COLLECTED MATERIAL:
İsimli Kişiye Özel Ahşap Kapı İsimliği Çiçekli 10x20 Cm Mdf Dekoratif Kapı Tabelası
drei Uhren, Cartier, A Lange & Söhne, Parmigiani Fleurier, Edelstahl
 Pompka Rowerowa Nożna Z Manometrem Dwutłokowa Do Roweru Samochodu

TASK PROMPT:
Every line of the listing should be reproduced exactly.

TASK OUTPUT:
İsimli Kişiye Özel Ahşap Kapı İsimliği Çiçekli 10x20 Cm Mdf Dekoratif Kapı Tabelası
drei Uhren, Cartier, A Lange & Söhne, Parmigiani Fleurier, Edelstahl
 Pompka Rowerowa Nożna Z Manometrem Dwutłokowa Do Roweru Samochodu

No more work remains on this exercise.